The Book of Joan
That’s when she sees it. It’s not just an ammo station. It’s a holding station. Slightly to the left, barely camouflaged under some kind of pile of refuse, two pairs of deadened eyes.
Two animals in a cage.
No. Inside the crude wooden cage are two children, if you can call them that. Feral. Matted hair and filthy skin, bones nearly visible, eyes as wild as a jaguar’s. Where on Earth had they come from?
She closes her eyes. Her first thought: she reminded herself again of the fact of things, the traces of human left. We are not, after all, alone. She and Leone had already come across a child or two. Her second: What is the point of saving half-dead children? It’s the kind of question she asks now. A hopeless question. A question without heart. Whatever life is left on Earth and whatever lives are squirming out their worthless worm existence above, she has no part in the drama.
Joan opens her eyes with her rifle sight poised at the standing guard’s ear. She lifts her head nearly imperceptibly, and signals to Leone where to shoot. For years they have done this odd dance, Joan setting up kills, Leone executing the shots.
Leone pulls the trigger. Always Leone.
One guard’s head squirts open like a grape. The headless body wavers and then drops to the earth, thudding and kicking up dirt.

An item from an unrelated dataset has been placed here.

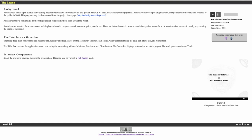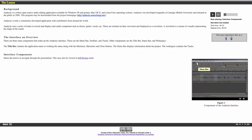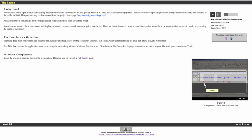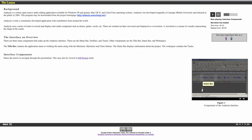There are three main components that make up the Audacity interface. These are the menu bar, toolbars, and tracks. Other components are the title bar and workspace.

Joan opens her eyes and draws up on one knee, taking aim at the second guard, who is busy flailing around trying to get at his own rifle as he scrambles for cover beneath the table. Leone follows her gaze. Fixes the target. Fires. His chest spills onto the table, spraying it with blood and fragments of rib.
Then the night goes quiet again. If there were trees, wind would be whistling through their branches. Joan stands, slings her brutal intimate over her shoulder, and walks the distance to the dead men. With each step she struggles to decide what to do with whatever they find inside that cage.
In the dark, the blood is black and blue.
Chapter Thirteen
At the munitions site, Joan stares first at the dead guards, then briefly up into the godless night sky, then over at the cage. Girls. They didn’t make a fucking sound. That guts her. Though the moon merely smudges a spot in the sky, and the brilliance of stars has faded to a dull salt-and-peppering, the night sky still feels familiar to her. In the dark, a person’s shadow is nothing. Like the past losing its light.
She doesn’t need to think much about what to do with the pile of girls. There are only two. And one doesn’t have long, from the looks of it. You can see in a person’s eyes when life is leaving. Something going slack and empty. Joan’s heart folds and darkens.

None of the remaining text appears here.